October is Adopt a Shelter Dog Month and a perfect time to help dogs in shelters across the country find loving forever homes. If you’re thinking of adding a dog to the family, please consider adopting your next animal companion.

6 Common Myths about Shelter Animals

Myth #1: Dogs only end up in shelters because they have behavior problems or are sick.

Truth: Some dogs do end up in shelters and rescue groups because their owners can’t handle their perceived behavior problems (which may be as easy to fix as an older puppy reluctant to housebreaking), but most of them end up in shelters because of a combination of these reasons:

  • They were strays―either they never had a home or they ran away and their owners didn’t reclaim them.
  • The owner moved and couldn’t take his/her pet along.
  • Owners were too busy to take care of their pets, or couldn’t afford to due to job loss or medical emergencies.
  • Owners didn’t know how to train their pet to behave appropriately.
  • Owners got rid of their pet when their baby was born.
  • Owner or family members developed allergies to the pet.
  • The pet required a medical procedure that the owner couldn’t afford.
  • Owners and their family simply lost interest in the pet, this is especially true for older puppies.

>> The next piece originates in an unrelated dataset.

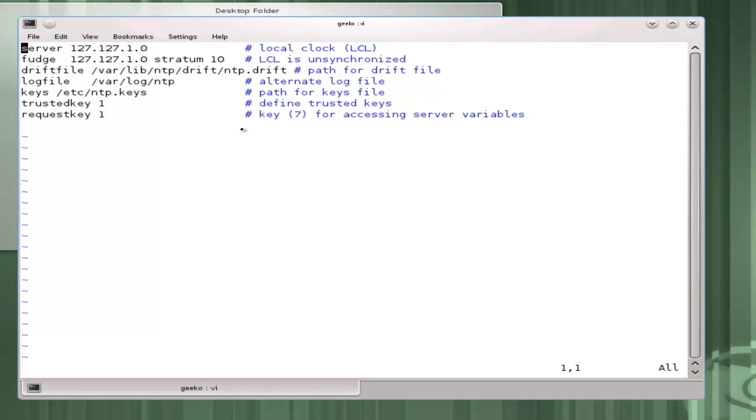If I get time from a stratum 10 server I would then become a stratum 11 server. Fudge is a colloquial term in English saying that we're really manipulating an entry. As we move down we can see the drift file. The drift file is very important so if we are synchronizing with the server but we lose communication for a while, we can see our average drift over a period of time and then maintain the accuracy with our reference server.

Myth #2: You never know what you’re getting with a shelter or rescue pet.

Truth: When you deal with a reputable shelter or rescue group that gets all vetting done―spay/neuter, vaccinations, deworming and heartworm preventative―and temperament tests all of their adoptable pets, you do know what you’re getting!

Myth #3: You have to start the bonding process when your pet is a baby.

Truth: Rescued pets are often noted as being “grateful” for their new lease on life. Forming a bond with an animal whose life you saved comes naturally for most people. Dogs become attached to the people who take care of their basic needs, no matter when those people came into their lives.

Forming a bond with an animal whose life you saved comes naturally for most people.
Image credit: Thinkstock

Myth #4: Shelter animals are not as clean as pet store animals.

Truth: Not only is this untrue, but the conditions of many breeding facilities or puppy mills (which supply pet stores that sell dogs) are nothing short of horrific. Puppies born in puppy mills are usually removed from their mothers at just 6 weeks old and are housed in overcrowded and unsanitary wire-floored cages, without adequate veterinary care, food or water.

Myth #5: Adopting big or very strong dogs is a bad idea if you have little children.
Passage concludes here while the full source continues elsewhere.